Jakarta (ANTARA News) - Rancangan Undang-Undang Perlindungan Pekerja
Rumah Tangga (RUU PPRT) sudah ada selama 10 tahun atau dua periode di
DPR, tetapi tak kunjung dibahas.
Tampaknya terdapat tarik ulur kepentingan yang cukup kuat di dalam
parlemen sehingga RUU tersebut tak kunjung dibahas dan disahkan.
Karena itu, melihat pentingnya RUU tersebut segera disahkan menjadi
undang-undang, Jaringan Nasional Advokasi Pekerja Rumah Tangga (Jala
PRT) dan Lembaga Bantuan Hukum (LBH) Jakarta mendesak DPR periode
2014-2019 untuk memasukkan RUU PRT dalam Program Legislasi Nasional
(Prolegnas) serta segera mengesahkan menjadi undang-undang.
Pengesahan RUU tersebut dinilai mendesak karena masih banyak
permasalahan yang dialami PRT terkait pemberian hak-haknya dan kasus
kekerasan.
Pantauan Jala PRT melalui pendampingan dan pemberitaan media, pada
2014 terjadi 408 kasus kekerasan terhadap PRT. Sebanyak 90 persen
merupakan multikasus mulai dari kekerasan fisik, psikis, ekonomi dan
perdagangan manusia, dengan pelaku majikan dan agen penyalur.

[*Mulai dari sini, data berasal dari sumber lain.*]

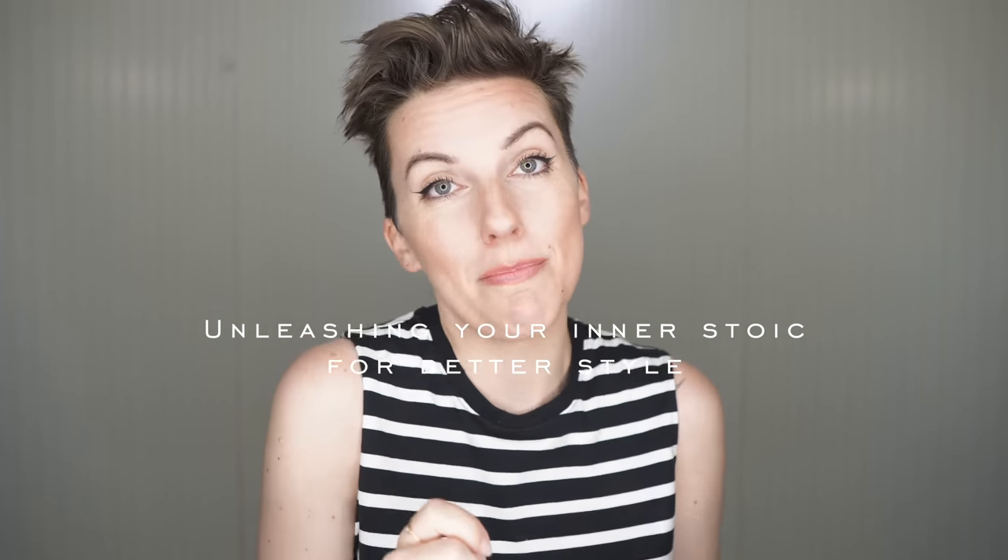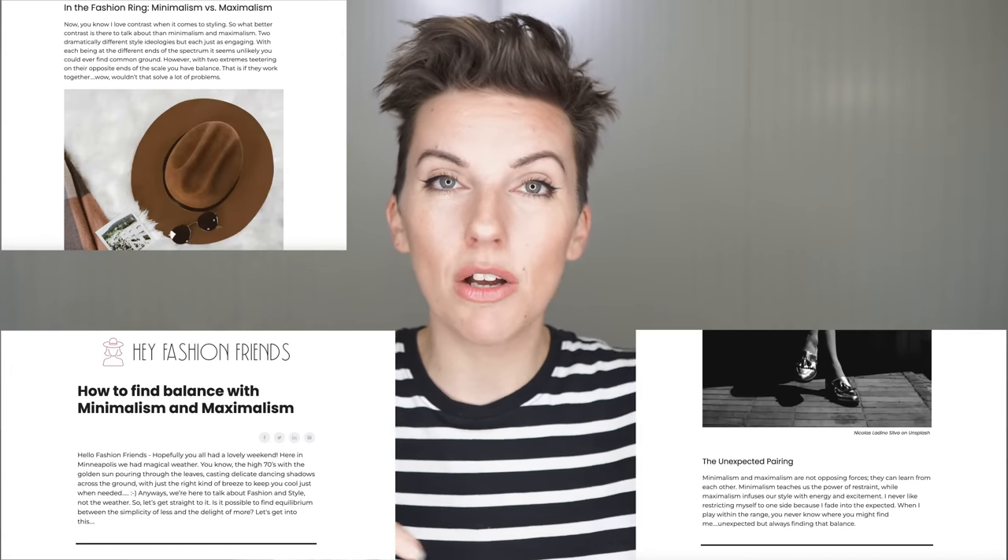So those are 10 low-cost ways of incorporating trends this summer. I hope you found today's episode helpful. If there's a low-cost or no-cost way of incorporating trends that I missed, definitely comment below — share that wealth, we're all in this together. Tomorrow's Hey Fashion Friends newsletter will be about unleashing your inner stoic for better style, so click the link below to sign up. It is absolutely gorgeous here in Minneapolis, Minnesota, so I'm going to go enjoy this Friday. I hope you're having a lovely, beautiful, wonderful day wherever you are. Stay healthy, stay safe, love and support each other — we'll definitely be chatting soon. Bye!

Dari seluruh kasus tersebut, 85 persen terhenti proses hukumnya di
kepolisian. Hal itu dinilai tidak menimbulkan efek jera sehingga
kekerasan terhadap PRT terulang.
"Pengesahan RUU PPRT sudah sangat mendesak. Selama ini PRT
seringkali bekerja dalam situasi yang mengecualikan hak-haknya," kata
Koordinator Jala PRT Lita Anggraini.
Lita mengatakan banyak PRT yang tidak mendapatkan upah layak. Dia
mencontohkan ada PRT di Jakarta yang sudah bekerja selama tujuh tahun
masih hanya menerima gaji Rp700 ribu dan tidak mendapatkan libur karena
selama ini tinggal di rumah majikan.
Selain itu, PRT juga rentan terhadap kekerasan. Masih di Jakarta,
terdapat kejadian PRT dipukuli dan diperintah majikan untuk menjilat
susu yang tumpah ke lantai.
"Namun, kasus-kasus itu seringkali dihentikan oleh kepolisian atau
ditolak oleh pengadilan. Karena itu, kami mendesak RUU PPRT disahkan
setelah dua periode seolah sengaja diabaikan oleh DPR," tuturnya.

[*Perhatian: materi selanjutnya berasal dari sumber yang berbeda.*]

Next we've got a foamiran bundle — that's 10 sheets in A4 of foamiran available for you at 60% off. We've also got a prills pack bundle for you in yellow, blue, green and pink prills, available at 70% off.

Sementara itu, pengacara publik dari LBH Jakarta Pratiwi Febry
mengatakan pengesahan RUU PPRT akan banyak membawa perubahan, termasuk
dalam menciptakan kemandirian anak dalam keluarga.
"Selama ini, PRT sering harus membantu anak menyiapkan baju seragam
dan sepatu sekolah anak hingga menyusun buku-buku pelajarannya. Adanya
UU PPRT akan bisa mendorong kemandirian anak," katanya.
Karena masih banyak permasalahan yang dialami PRT terkait pemberian
hak-haknya dan kasus kekerasan, maka Jala PRT dan LBH Jakarta menilai
pengesahan RUU PPRT.
Lita Anggraini mengatakan pemberian hak-hak PRT harus dilakukan
dengan mengakui bahwa PRT adalah pekerja. Selama ini, PRT tidak dianggap
sebagai pekerja sehingga hak-haknya diabaikan.
"PRT selama ini tidak mendapatkan hak-haknya, seperti upah yang
layak dan hari libur, karena selama ini tidak diakui sebagai pekerja,"
kata Lita.
Hak lain yang selama tidak diperoleh PRT adalah jaminan sosial
ketenagakerjaan. Karena tidak diakui sebagai pekerja maka selama ini PRT
tidak mendapatkan jaminan sosial ketenagakerjaan.
Karena itu, bila Rancangan Undang-Undang Perlindungan Pekerja Rumah
Tangga (RUU PPRT) disahkan, Jala PRT mendesak didalamnya mengatur
keikutsertaan PRT dalam Badan Penyelenggara Jaminan Sosial (BPJS)
Ketenagakerjaan.
"Hak PRT untuk berkomunikasi dan berorganisasi juga selama ini
tidak pernah diberikan. Masih banyak majikan yang melarang PRT untuk
berorganisasi," tuturnya.
Hak lain yang selama ini seringkali diabaikan adalah hak PRT atas
keamanan dan keselamatan kerja. Terjadi beberapa kasus PRT yang bekerja
di apartemen dikunci di dalam oleh majikan ketika pergi.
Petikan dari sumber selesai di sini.